With Interactive Brokers, if you have a margin account and your base currency is Australian dollars like mine, and I want to buy US dollar stocks. The way it works in Interactive Brokers is I want to buy US dollar stocks, I’ve got Australian dollars in my account, but it’s a margin account. I don’t have to convert my Australian dollars to US dollars and then you use the US dollars to buy US stocks. You don’t have to do that.

What you do is you just buy Apple stock, which is in the US in US dollars and Interactive Brokers borrows, let’s say I buy $5,000 worth of Apple. Interactive Brokers borrows for me 5,000 US dollars and then uses those borrowed US dollars to buy Apple, so I have a short exposure on the US currency through the dollar loan. I have a long exposure on the US currency through the owning of the Apple asset. Those two net each other out as long as the share price doesn’t move. If the share price moves one way or the other, they get out of sync and there’s a little bit of currency risk. But when you open the trade, the currency risk is neutralized.

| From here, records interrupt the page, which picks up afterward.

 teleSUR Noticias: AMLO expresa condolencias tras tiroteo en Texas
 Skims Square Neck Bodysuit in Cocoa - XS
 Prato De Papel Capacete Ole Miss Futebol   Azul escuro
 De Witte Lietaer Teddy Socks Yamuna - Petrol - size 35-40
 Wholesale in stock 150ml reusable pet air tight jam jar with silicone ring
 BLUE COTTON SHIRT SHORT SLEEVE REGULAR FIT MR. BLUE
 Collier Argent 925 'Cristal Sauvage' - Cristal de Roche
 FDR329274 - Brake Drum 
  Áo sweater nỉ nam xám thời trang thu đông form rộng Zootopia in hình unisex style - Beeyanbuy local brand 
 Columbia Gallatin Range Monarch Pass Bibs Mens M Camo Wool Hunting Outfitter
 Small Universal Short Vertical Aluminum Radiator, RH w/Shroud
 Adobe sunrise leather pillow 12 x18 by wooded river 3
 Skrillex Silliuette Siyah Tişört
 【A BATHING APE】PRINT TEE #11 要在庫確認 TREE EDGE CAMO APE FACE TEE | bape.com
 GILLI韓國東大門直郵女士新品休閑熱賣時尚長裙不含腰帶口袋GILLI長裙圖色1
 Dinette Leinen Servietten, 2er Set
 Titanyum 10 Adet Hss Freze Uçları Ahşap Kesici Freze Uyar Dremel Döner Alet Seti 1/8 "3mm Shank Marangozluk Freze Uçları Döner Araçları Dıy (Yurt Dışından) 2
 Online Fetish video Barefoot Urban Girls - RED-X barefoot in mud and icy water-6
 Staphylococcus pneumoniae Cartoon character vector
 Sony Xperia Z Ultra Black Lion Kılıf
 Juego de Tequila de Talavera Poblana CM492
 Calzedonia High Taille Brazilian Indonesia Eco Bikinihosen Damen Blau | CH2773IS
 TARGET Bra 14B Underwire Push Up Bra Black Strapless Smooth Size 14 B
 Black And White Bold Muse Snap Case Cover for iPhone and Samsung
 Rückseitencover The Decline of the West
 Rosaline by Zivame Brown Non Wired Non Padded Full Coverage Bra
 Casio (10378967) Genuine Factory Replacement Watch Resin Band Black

If it’s a cash account and you’ve got Australian dollars and you want to buy 5,000 US dollars worth of Apple, you have to convert to 5,000 US dollars and then you use the 5,000 US dollars to buy the 5,000 US dollars worth of Apple. You have made a conversion, therefore if the currencies fluctuate, you have currency risk. Because there’s no short position in the currency, in the long position of setting each other like there was in the margin account.